* **ABOUT THIS EXERCISE**
Below are records with pictures in them. Transcribe everything from the line containing "Epicurean Toastmasters" down to the line containing "03/01 18时 +069小时", exactly, and leave the pictures behind.

BEGIN RECORDS FOR PROCESSING

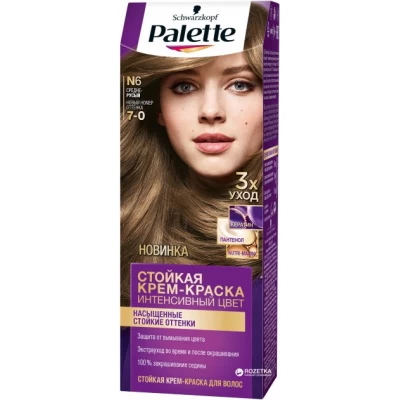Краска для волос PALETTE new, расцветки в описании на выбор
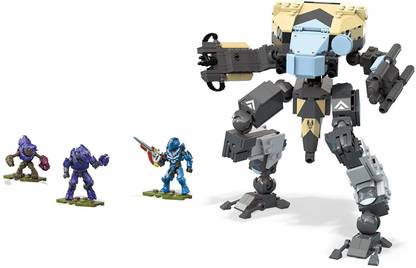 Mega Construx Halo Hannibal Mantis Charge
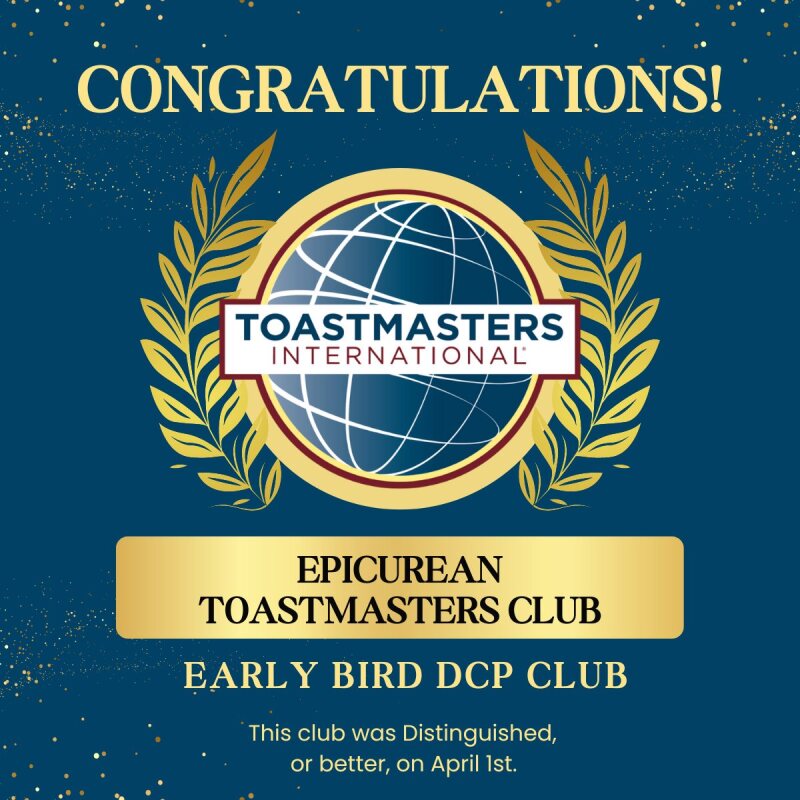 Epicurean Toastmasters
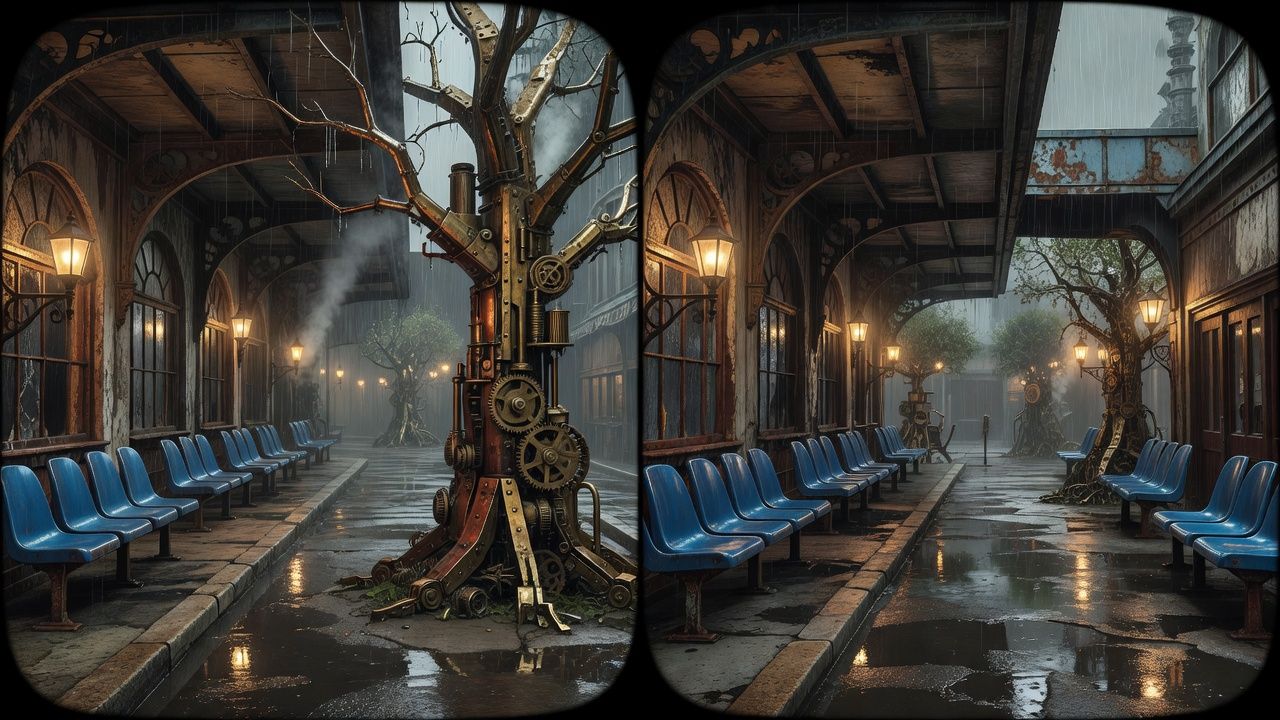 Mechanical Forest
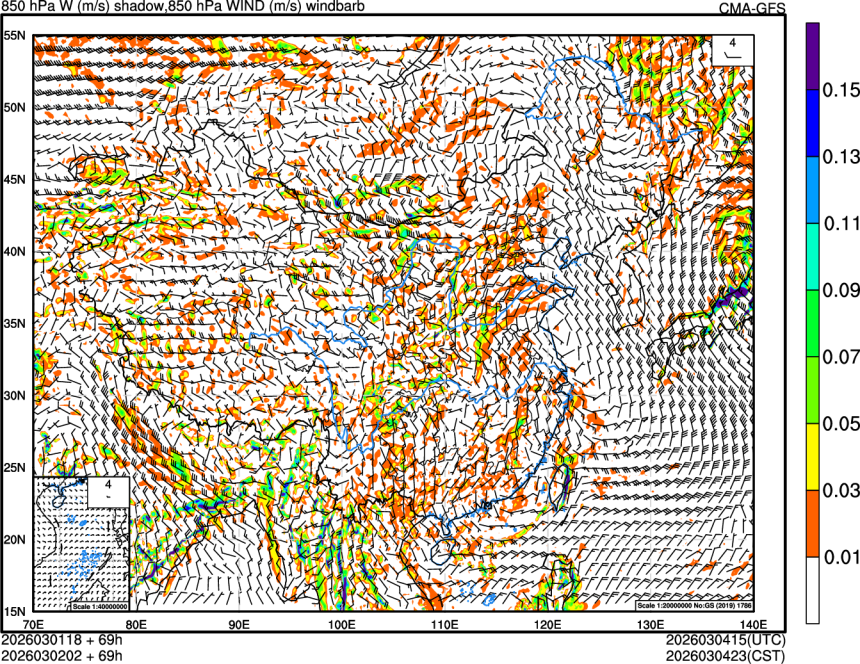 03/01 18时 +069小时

END RECORDS FOR PROCESSING
BEGIN RECORDS FOR PROCESSING

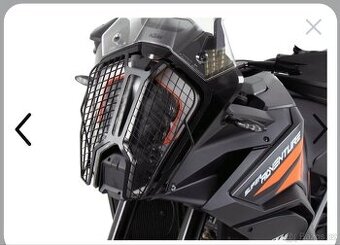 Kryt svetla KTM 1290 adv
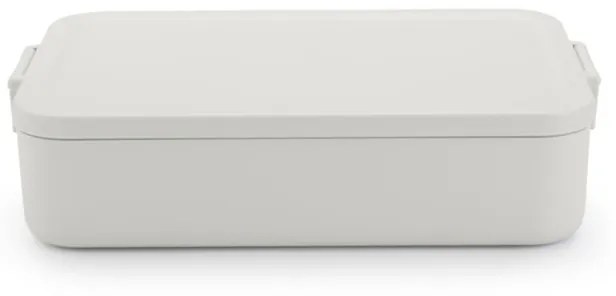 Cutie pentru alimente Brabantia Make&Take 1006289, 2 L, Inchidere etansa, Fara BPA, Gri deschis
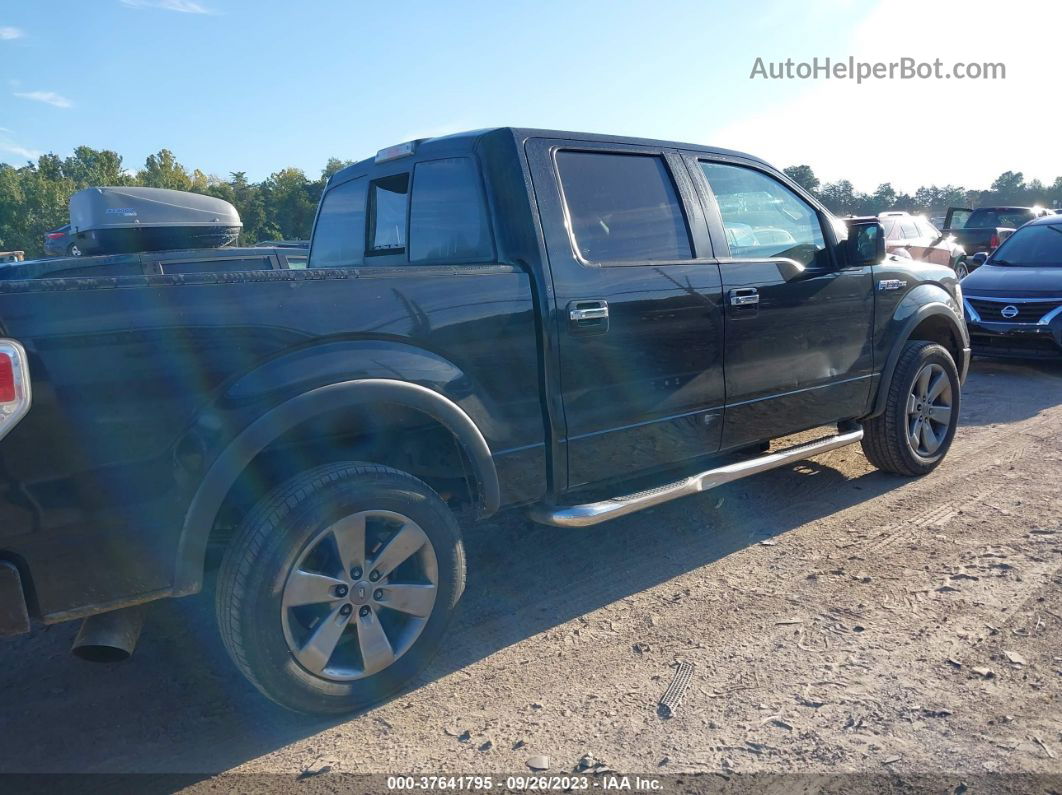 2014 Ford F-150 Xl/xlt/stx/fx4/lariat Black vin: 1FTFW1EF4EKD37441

END RECORDS FOR PROCESSING

* **YOUR RESPONSE**
 Epicurean Toastmasters
 Mechanical Forest
 03/01 18时 +069小时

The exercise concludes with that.